Por isso, cobra ainda mais força a ideia de uma aldeia pequena. Ora, foi pequena durante tanto tempo? Quem hoje olhe para Vigo e pense nos seus trezentos mil habitantes terá as suas dúvidas. Porém, se na época romana se manteve como um núcleo desprezível em comparação com outros lugares da zona com mais pujança, essa tendência poderia muito bem ter-se mantido durante a Idade Meia, contando com o retraimento da população para zonas mais no interior, fugindo das constantes incursões germânicas por mar. Com efeito, por volta dos s. XI e XII, os maiores povoamentos dão-se em lugares não estritamente costeiros que coincidem aproximadamente com os atuais Bemvrive, Corujo, Castrelos, Valadares, Sárdoma, Fragoso e Lavadores. Pois, não será até ao s. XII que a área viguesa comece a recuperar população. Inclusive no s. XV as ribeiras da Ria de Vigo estão longe de ter a pujança económica e demográfica, e é o de Erizana (atual Baiona) o porto mais importante. Como quer que fosse, a finais do s. XVI, Vigo contava, em toda a sua extensão, com pouco mais de 800 vizinhos. Já não se tratava, certamente, de um vicus. Mas, para então, o topónimo tinha já tido tempo suficiente para assentar-se fortemente.

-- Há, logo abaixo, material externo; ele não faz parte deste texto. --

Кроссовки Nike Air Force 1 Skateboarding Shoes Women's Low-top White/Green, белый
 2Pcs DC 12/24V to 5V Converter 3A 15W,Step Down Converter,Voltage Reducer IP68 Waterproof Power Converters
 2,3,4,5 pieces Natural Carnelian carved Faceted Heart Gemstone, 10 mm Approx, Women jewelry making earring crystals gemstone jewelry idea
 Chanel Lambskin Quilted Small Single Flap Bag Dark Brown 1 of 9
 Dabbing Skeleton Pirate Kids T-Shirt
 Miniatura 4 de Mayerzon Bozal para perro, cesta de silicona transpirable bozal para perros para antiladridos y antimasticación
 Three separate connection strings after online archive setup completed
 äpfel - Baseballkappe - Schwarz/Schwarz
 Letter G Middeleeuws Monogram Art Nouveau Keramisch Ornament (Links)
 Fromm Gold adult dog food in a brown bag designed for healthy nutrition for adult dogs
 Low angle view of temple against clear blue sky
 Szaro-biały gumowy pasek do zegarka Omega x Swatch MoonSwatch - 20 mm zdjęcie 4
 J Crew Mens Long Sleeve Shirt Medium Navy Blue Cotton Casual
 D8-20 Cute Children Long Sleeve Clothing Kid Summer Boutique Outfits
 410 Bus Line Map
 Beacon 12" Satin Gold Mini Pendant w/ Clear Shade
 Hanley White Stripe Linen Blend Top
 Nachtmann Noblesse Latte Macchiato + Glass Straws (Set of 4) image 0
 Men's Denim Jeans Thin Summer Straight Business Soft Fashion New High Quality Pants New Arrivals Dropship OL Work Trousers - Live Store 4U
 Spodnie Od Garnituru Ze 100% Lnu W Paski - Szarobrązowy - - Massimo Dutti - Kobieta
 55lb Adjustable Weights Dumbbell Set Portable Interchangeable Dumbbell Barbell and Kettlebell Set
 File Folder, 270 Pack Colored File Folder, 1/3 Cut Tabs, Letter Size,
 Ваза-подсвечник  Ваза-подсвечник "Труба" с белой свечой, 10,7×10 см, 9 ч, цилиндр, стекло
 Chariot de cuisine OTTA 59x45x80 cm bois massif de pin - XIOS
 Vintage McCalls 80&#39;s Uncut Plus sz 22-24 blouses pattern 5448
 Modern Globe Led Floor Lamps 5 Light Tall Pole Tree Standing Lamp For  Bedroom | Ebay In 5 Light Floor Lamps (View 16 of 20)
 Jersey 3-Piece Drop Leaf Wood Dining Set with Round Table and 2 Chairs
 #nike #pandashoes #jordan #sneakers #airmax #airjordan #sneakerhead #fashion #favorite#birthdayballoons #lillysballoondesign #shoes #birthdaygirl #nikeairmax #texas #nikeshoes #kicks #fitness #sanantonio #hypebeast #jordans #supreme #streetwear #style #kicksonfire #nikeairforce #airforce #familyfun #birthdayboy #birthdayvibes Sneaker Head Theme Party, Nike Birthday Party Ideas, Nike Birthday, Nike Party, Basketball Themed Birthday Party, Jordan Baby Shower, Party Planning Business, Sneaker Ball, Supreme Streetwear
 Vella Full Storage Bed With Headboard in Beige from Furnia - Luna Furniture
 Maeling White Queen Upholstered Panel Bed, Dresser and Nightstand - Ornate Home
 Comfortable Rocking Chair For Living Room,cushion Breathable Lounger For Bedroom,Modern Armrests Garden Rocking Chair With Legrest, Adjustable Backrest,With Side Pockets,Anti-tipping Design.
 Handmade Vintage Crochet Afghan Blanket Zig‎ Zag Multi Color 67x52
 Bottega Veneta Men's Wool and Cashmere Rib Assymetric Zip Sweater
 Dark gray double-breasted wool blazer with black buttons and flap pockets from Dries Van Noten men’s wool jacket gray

A revolução demográfica em Vigo não se produziria, em qualquer caso, até o s. XVIII com a chegada das indústrias pesqueiras catalãs e, posteriormente, na década de 1960, com a multiplicação da sua potência industrial (zona franca), combinada com o seu já poderoso porto, que hoje é o primeiro porto do mundo por comercialização de peixe. Todo isso saído de um vicus, uma aldeínha até quase sem nome, que teve diversas réplicas por todo o território latino. Com vicus temos também, na Galiza, outros casos bem mais humildes: vários Vigo, Bico, Viqueira (ou Biqueira) e Vigueira, um Ouvigo (o + Vigo ?), um Vigobom e um Vigovidim; na Espanha e na Itália há vários Vigo; e na Catalunha há um Vic, presente também na França, que, por sua vez, possui ainda um Vichy, um Vy, e um Vicq. E, contudo, nenhum deles teve essa "sorte" (entre aspas, considerando a desfeita ambiental, urbanística e paisagística que sofre Vigo) evolutiva que torna tão especial o principal Vigo da Galiza.